Word for word, copy the entire listing below, but do not carry over any pictures.

(Provided material Opens)

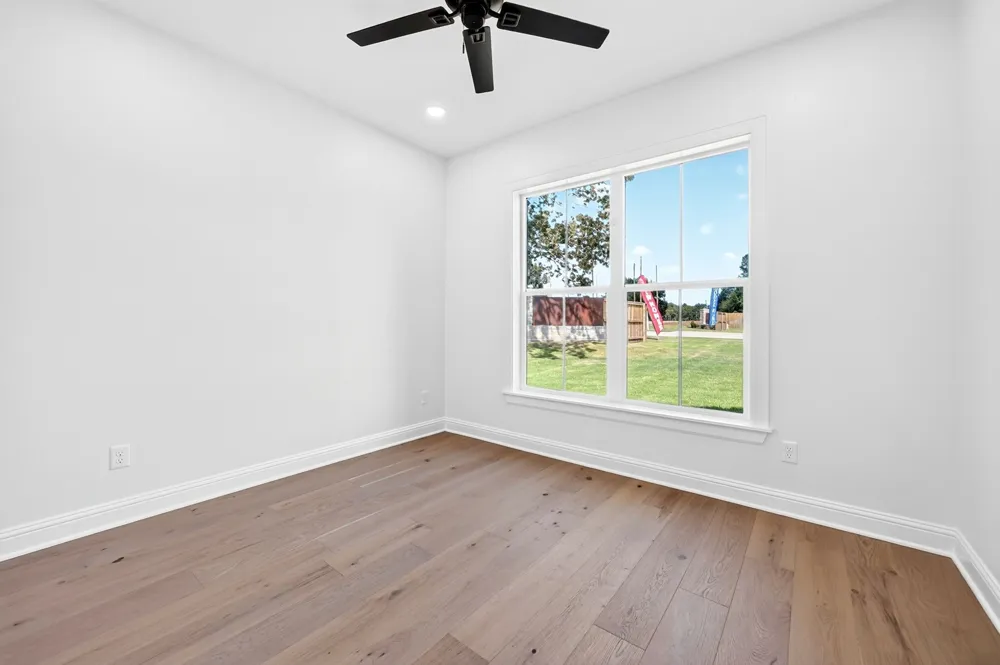 302 Grace Lane Athens, TX 75751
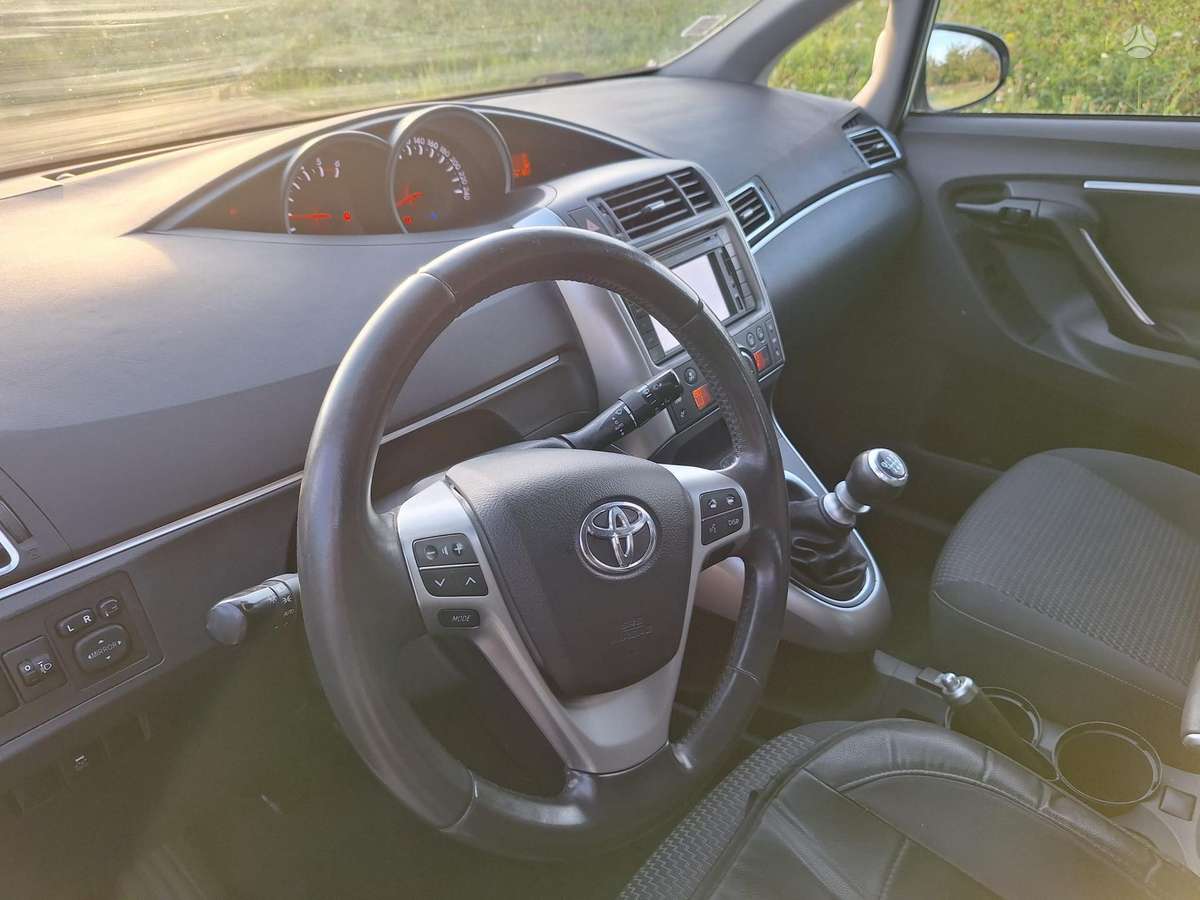 Toyota Verso - 6
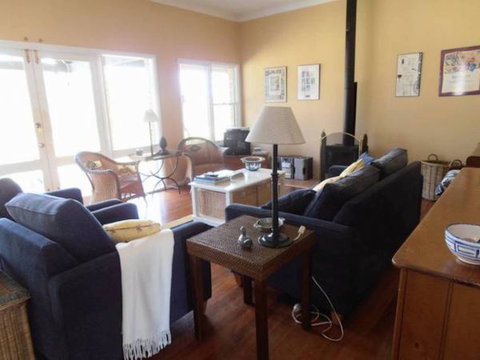 Elderslie House - Kingaroy Accommodation 66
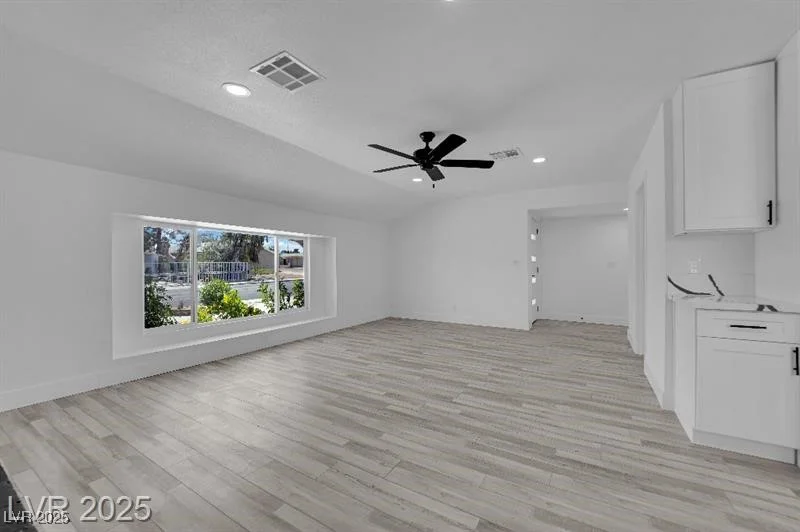 1905 Oakey, Las Vegas, NV 89104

(Provided material Closes)

→ Answer to the exercise
 302 Grace Lane Athens, TX 75751
 Toyota Verso - 6
 Elderslie House - Kingaroy Accommodation 66
 1905 Oakey, Las Vegas, NV 89104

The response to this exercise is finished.